カタールの液化天然ガス(LNG)タンカー受注競争で現代・大宇・サムスンの韓国造船3社が100隻を受注した。23兆ウォン(約2兆700億円)を超える契約を巡り、最後まで韓国と争ったのが中国の滬東中華造船だ。同社は中国最大の国営造船会社、中国船舶工業集団(CSSC)の子会社で中国で唯一LNGタンカーを建造している。韓国に先立ち、4月22日にカタール側とLNGタンカー16隻の建造契約を3兆4000億ウォンで結んだ。ただ、1回戦での勝利の余韻は長続きしなかった。契約金額が6倍も多い2回戦では韓国メーカーに惨敗した。

 韓国メディアは世界のLNGタンカー市場の80%を占める韓国企業の圧倒的技術力を称賛した。1回戦で滬東中華造船が勝利したのは、「低価格と中国政府の資金支援のおかげだ」と伝えた。世界でLNG輸入量が世界最多の中国をカタール政府が無視できなかったという解釈も付け加えた。

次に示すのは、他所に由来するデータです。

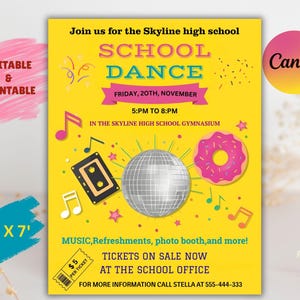 Könnte beinhalten: Ein gelbes Plakat für einen Schulball mit dem Text "SCHOOL DANCE" in türkisfarbenen Buchstaben. Das Plakat enthält eine Discokugel, Noten, eine Kassette und einen rosa Donut. Das Plakat ist 152 cm x 213 cm groß und besagt "Tickets sind jetzt im Verkauf".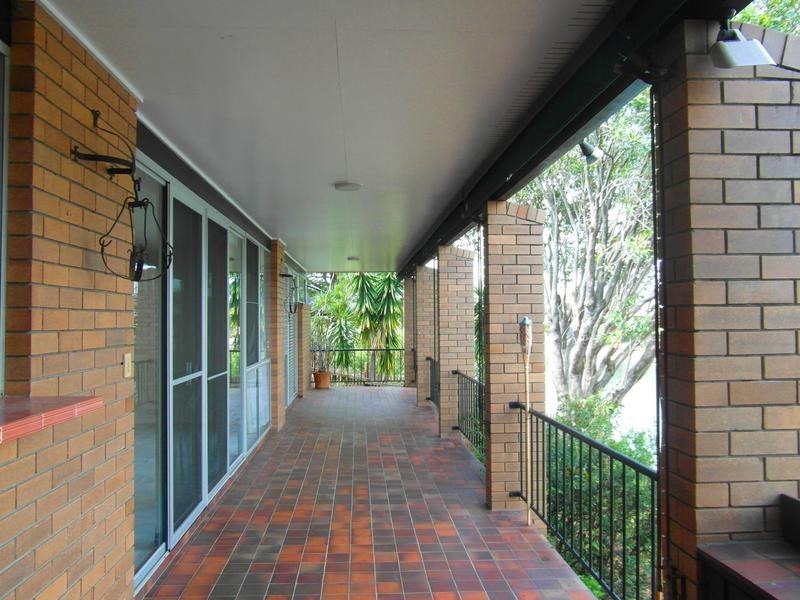 3 Platypus Avenue, Sorrento QLD 4217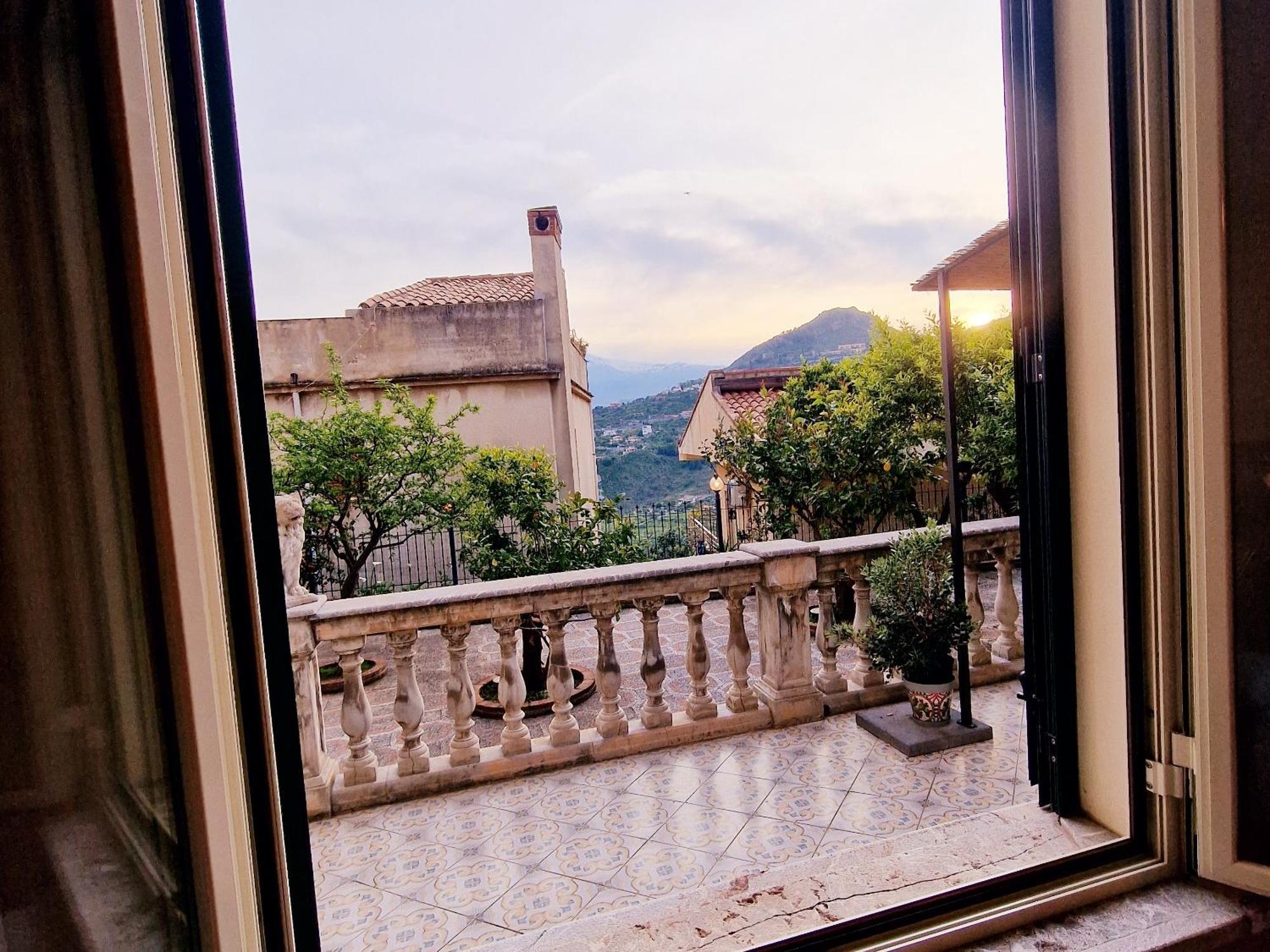 Donna Rosa - Your Home In Taormina Esterno foto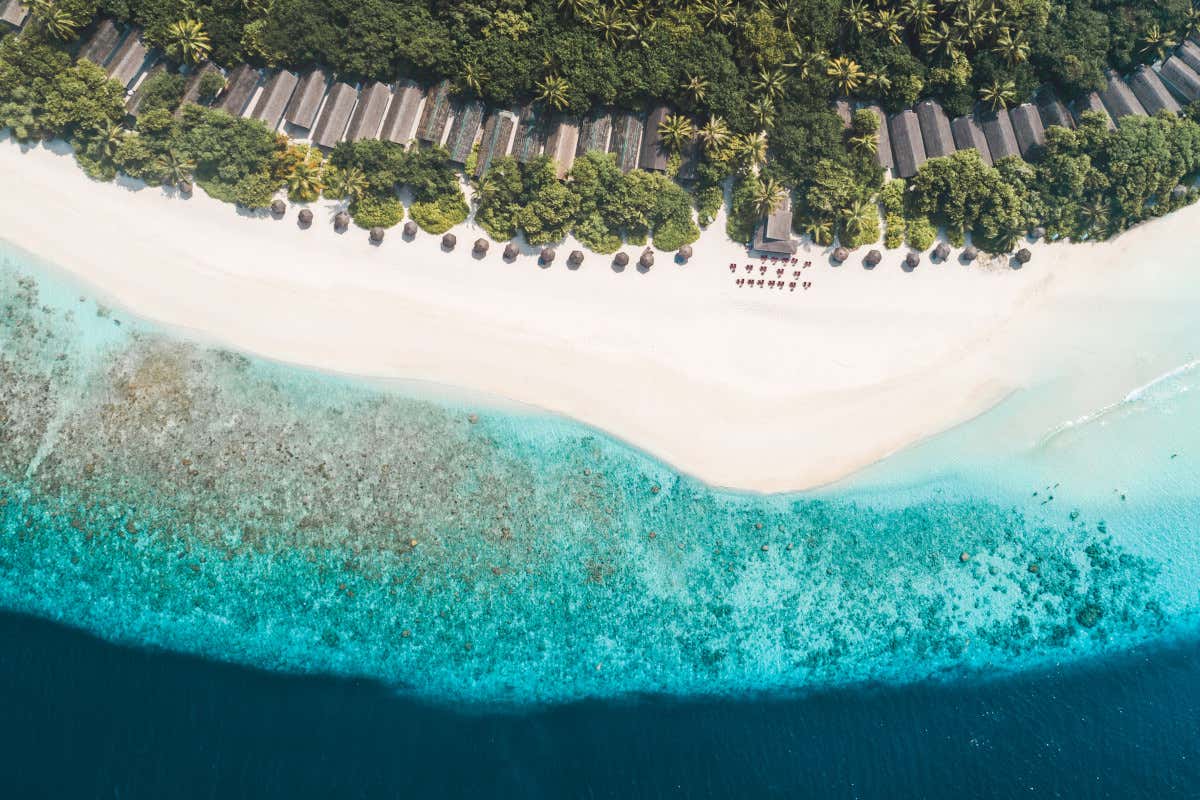 NH Collection Maldives Reethi Resort: la spiaggia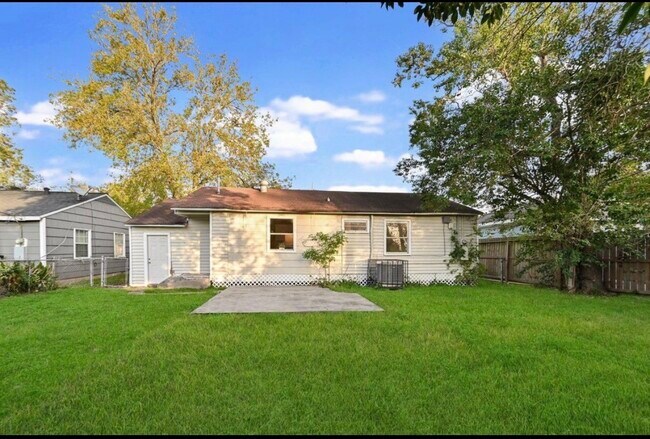 Building Photo - 9306 Chesterfield Dr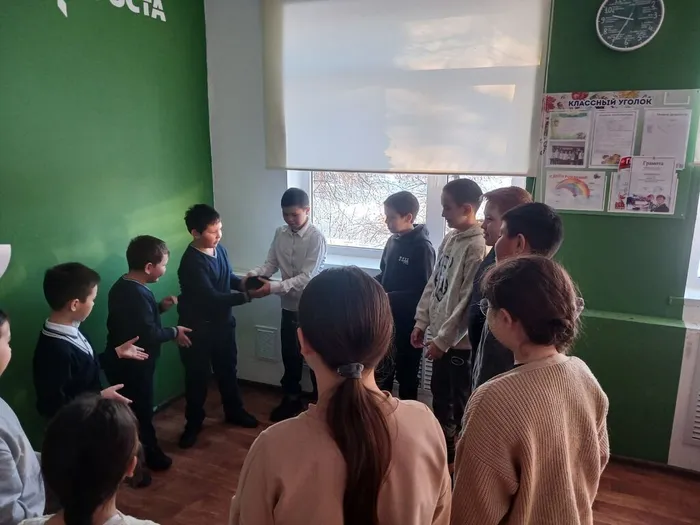 Фольклорно-игровой час «Знатоки родного языка»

 韓国の勝利に対する中国の反応が気になった。地団駄を踏んでいる感じだった。記事ごとに登場する単語は「逐鹿」だった。元々は「鹿を追う」という意味だが、支配権を争うことを意味する。「中韓企業、LNGタンカー市場を逐鹿」と題した記事は「中国と韓国の格差はLNGタンカーの建造技術だけではない。関連部品分野に資金を投資すべきだ」と書いた。別の記事は「韓国との『逐鹿中東(中東を争う)』で勝つためには、一帯一路(中国の陸と海のシルクロード構想)を積極活用すべきだ」と指摘した。

 中国造船業界による追撃は既に始まった。滬東中華造船は昨年、世界最大規模の27万立方メートル級のLNGタンカーの建造を開始した。21年には現在、黄浦江沿いにある老朽化した造船所を長興島に拡張移転する。同社は今後モザンビーク、ロシアのLNGタンカー受注でも韓国造船3社と競合する見通しだ。滬東中華造船の親会社、中国船舶工業集団の雷凡培会長は「これからは追撃者ではなく、リーダーになる」と宣言した。

 中国には数年以内にLNGタンカーを建造する第2、第3の滬東中華造船が生まれる。中国メディアによれば、主にコンテナ船を建造してきた江蘇揚子江船業集団は昨年、日本の三井物産、三井E&S造船と合弁会社、江蘇揚子三井造船を設立した。2022年に中型LNGタンカーの建造から参入する計画だ。中国船舶工業集団も昨年、傘下の6つの子会社や研究所を通じ、超大型LNGタンカーの設計、開発に着手した。

 青瓦台は韓国企業のカタールからのLNGのタンカー受注が発表されると、「韓国の造船会社の技術力が最高である事実が立証された」「文在寅大統領と政府が繰り広げた経済外交の結実だ」と論評した。中国企業は「韓国克服」を誓っている。手放しで喜んでいる場合ではない。